KALABALIKLARIN ALKIŞI YANLIŞI MEŞRU KILMAZ
Her yıl 26 Ağustos’ta bu mesajı hatırlarım. İlk bakışta şahsi bir mesele gibi görünebilir. Oysa hakikat şudur: Bu ve benzeri tehditler yalnızca kişisel bir çekişmenin ürünü değildir. Aynı zihniyet tarafından yıllardır birçok insana yöneltilen, “piyasadan silme” söylemleriyle beslenen bir anlayışın göstergesidir. Dolayısıyla bu mesele, bir kişinin değil; bir ülkenin mutfağının geleceğinin meselesidir.
Eğer gerçekten refah, barış ve onur içinde bir gelecek kurmak istiyorsak; emeği gasp ederek, baskı ve tehditlerle kendine alan açan bu anlayışı unutmamak ve unutturmamak zorundayız. Çünkü bu tür yöntemlerin meşruiyeti ne etik açıdan ne hukuken ne de bilimsel olarak savunulabilir.
Şunu da hatırlamak gerekir: Ne kadar ifşa edilirse edilsin, yüzbinlerce hatta milyonlarca insan bu kişileri alkışlamaya veya takip etmeye devam edebilir. Fakat kalabalıkların alkışı, yanlışı meşru kılmaz. Bilimsel yöntem ve hukuki ilkeler uygulandığında, bu zihniyetin ileri sürebileceği olası iddialar, savunma kılıfları ya da bahaneler kolaylıkla çürütülür. Bu çıkmaz, onları çoğu zaman hakikati temellendirmek yerine yalanlara veya iftiralara başvurmaya yöneltir; bu da psikolojik baskı altında geliştirdikleri savunma mekanizmalarının ve sosyolojik çıkar ilişkilerinin tipik bir sonucudur.
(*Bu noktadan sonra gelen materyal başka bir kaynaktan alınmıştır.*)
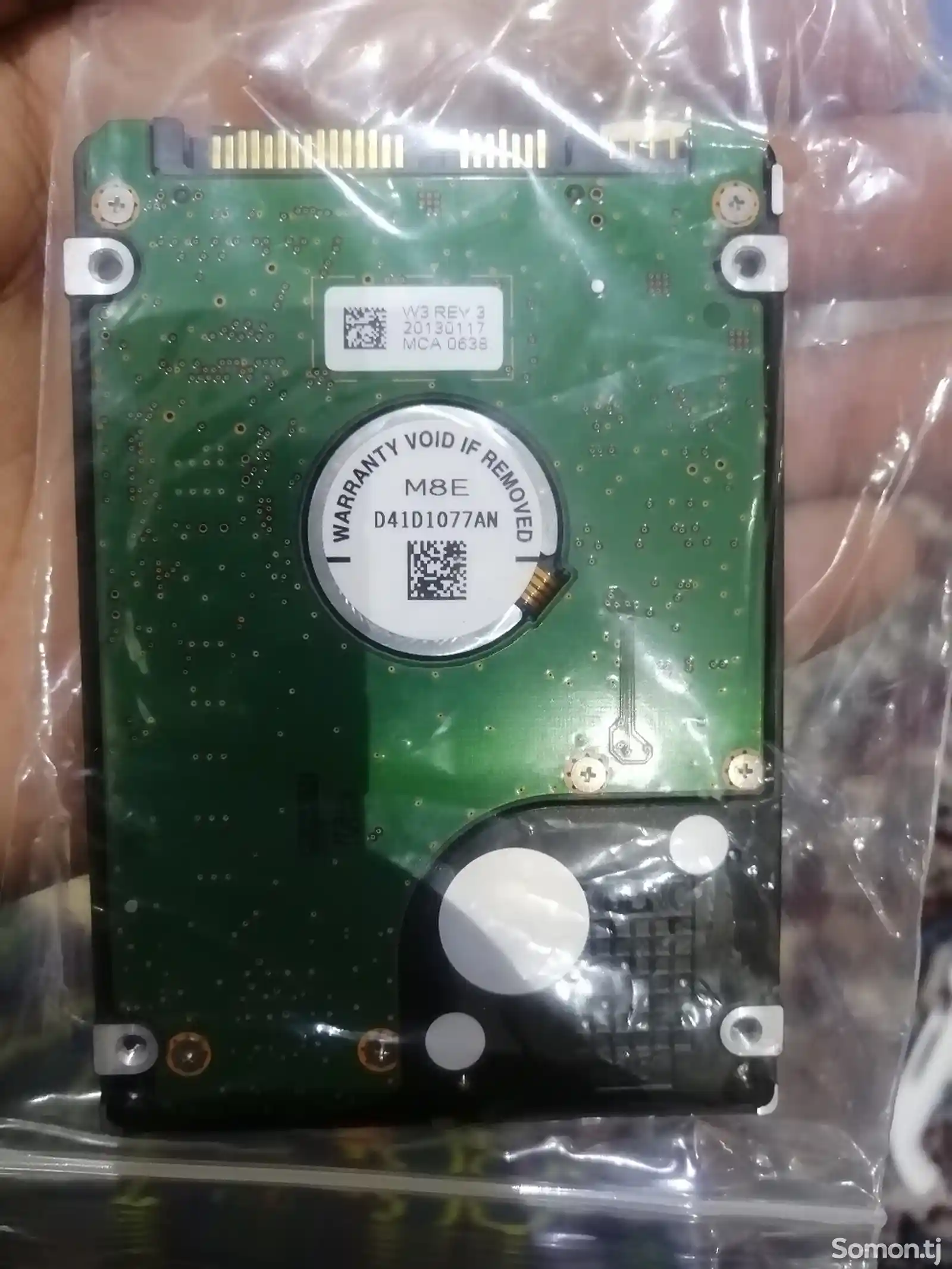 Жёсткий диск 1TB HDD-4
Ben, somut veriler, bilimsel yöntemler ve hukuki-dayanaklı analizler ile bu anlayışın geçmişte Türk mutfağına yabancı unsurlardan bile daha büyük zarar verdiğini; geleceğimiz açısından ise daha yıkıcı sonuçlar doğurduğunu ortaya koyabilirim. Onları milyonlar izlese, alkışlasa bile, bilimsel ve hukuki açıdan savunabilecekleri hiçbir iddia yoktur. Çünkü bilimsel ve hukuki temellere dayanan hakikat, nicelikten değil; somut kanıt, tutarlılık ve nitelikten beslenir. Ve bu hakikat, kalabalıkların alkışıyla değil; somut kanıtların ve tutarlı ilkelerin geçerliliğiyle ölçülür.
İnsanlık tarihi boyunca milyonlar yanılabilmiş, kalabalıklar yanlışın arkasında saf tutabilmiştir. Dijital çağda bilgi her zamankinden daha kolay manipüle edilebilse de, hakikati bilimsel ve hukuki ilkelere dayanarak savunan tek bir insan, onu ayırt edebilecek nitelikte olanların gözünde bütün o kalabalıklardan daha güçlü olabilir.
O halde şu soruyu sormak kaçınılmazdır:
Bir insanı, yüzbinlerce hatta milyonlarca kişi karşısında dahi en güçlü kılan şey nedir? Ve o insanda bulunması gereken temel nitelikler nelerdir?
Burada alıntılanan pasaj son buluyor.